WHAT THE TASK REQUIRES >>
Copy word for word, please, the lines of the entries below running from the one containing "A LATE VICTORIAN" to the one containing "a bedroom with", both ends included.

MATERIAL SUPPLIED >>
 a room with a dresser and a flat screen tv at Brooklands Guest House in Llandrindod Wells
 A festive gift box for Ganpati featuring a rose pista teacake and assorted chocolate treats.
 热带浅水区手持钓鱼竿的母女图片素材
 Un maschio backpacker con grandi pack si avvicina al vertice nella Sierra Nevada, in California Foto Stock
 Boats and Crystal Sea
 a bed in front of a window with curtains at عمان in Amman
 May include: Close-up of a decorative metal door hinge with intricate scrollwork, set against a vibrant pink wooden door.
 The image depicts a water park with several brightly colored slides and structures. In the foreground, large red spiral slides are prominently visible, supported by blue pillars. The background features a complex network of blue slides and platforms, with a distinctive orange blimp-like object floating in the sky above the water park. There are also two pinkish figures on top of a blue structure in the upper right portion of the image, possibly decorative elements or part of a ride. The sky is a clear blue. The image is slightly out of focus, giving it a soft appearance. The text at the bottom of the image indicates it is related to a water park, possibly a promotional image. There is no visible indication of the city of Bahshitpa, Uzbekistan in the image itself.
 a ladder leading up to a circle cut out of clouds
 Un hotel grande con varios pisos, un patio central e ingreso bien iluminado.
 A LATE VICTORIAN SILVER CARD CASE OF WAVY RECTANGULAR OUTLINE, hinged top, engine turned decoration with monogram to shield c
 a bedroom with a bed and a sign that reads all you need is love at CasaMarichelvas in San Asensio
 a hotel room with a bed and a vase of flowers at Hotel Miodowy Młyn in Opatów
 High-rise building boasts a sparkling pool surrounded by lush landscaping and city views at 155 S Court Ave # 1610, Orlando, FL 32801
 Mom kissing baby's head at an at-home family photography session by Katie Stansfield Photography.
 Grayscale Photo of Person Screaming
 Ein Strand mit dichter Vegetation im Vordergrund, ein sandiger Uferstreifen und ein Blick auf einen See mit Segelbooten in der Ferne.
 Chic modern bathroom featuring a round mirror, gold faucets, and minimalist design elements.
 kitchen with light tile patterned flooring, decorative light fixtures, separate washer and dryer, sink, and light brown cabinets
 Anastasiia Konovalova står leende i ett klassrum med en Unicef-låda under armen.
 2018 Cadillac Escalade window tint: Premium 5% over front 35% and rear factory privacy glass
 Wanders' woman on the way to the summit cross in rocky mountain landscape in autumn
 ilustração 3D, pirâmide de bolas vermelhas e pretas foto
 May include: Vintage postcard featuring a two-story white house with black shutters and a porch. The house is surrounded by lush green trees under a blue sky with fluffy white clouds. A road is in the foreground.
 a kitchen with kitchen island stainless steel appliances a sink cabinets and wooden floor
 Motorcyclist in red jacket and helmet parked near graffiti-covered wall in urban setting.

RESPONSE AREA >>
 A LATE VICTORIAN SILVER CARD CASE OF WAVY RECTANGULAR OUTLINE, hinged top, engine turned decoration with monogram to shield c
 a bedroom with a bed and a sign that reads all you need is love at CasaMarichelvas in San Asensio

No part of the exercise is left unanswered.